◆ The task ◆
Write out exactly the lines running from the one with "Toenails Have Two" to the end of the data, including both of those lines and excluding pictures.

◆ Data segment ◆
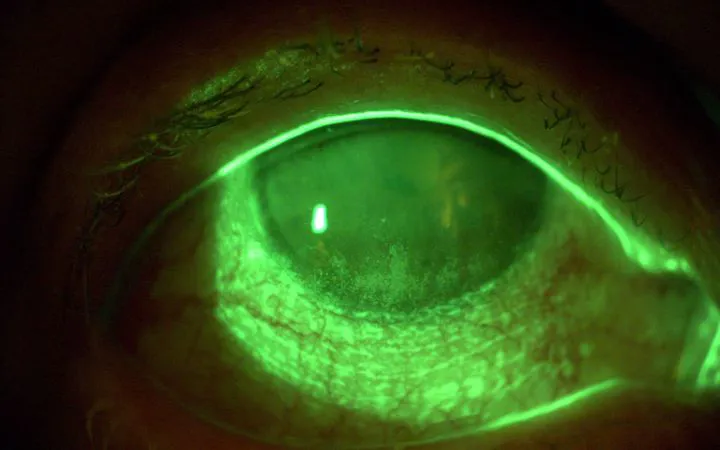 Studio del film lacrimale con diagnosi e cura dei disturbi correlati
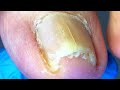 Toenails Have Two Sharp Corners ~ Remove Dead Skin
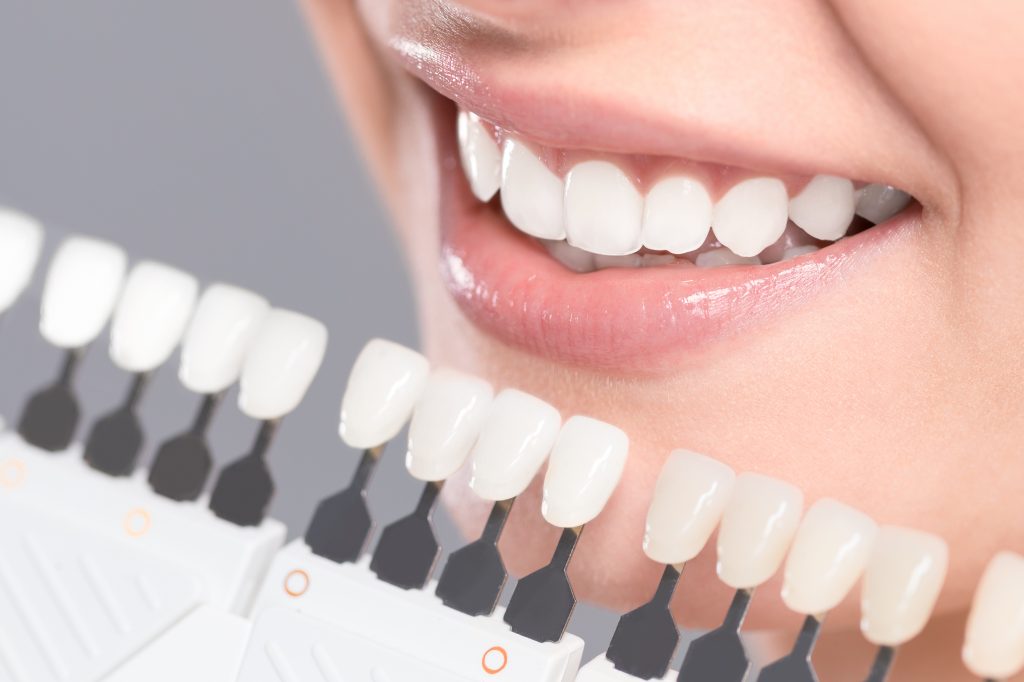 Dental Veneers Healthway Dental clinic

◆ Task output ◆
 Toenails Have Two Sharp Corners ~ Remove Dead Skin
 Dental Veneers Healthway Dental clinic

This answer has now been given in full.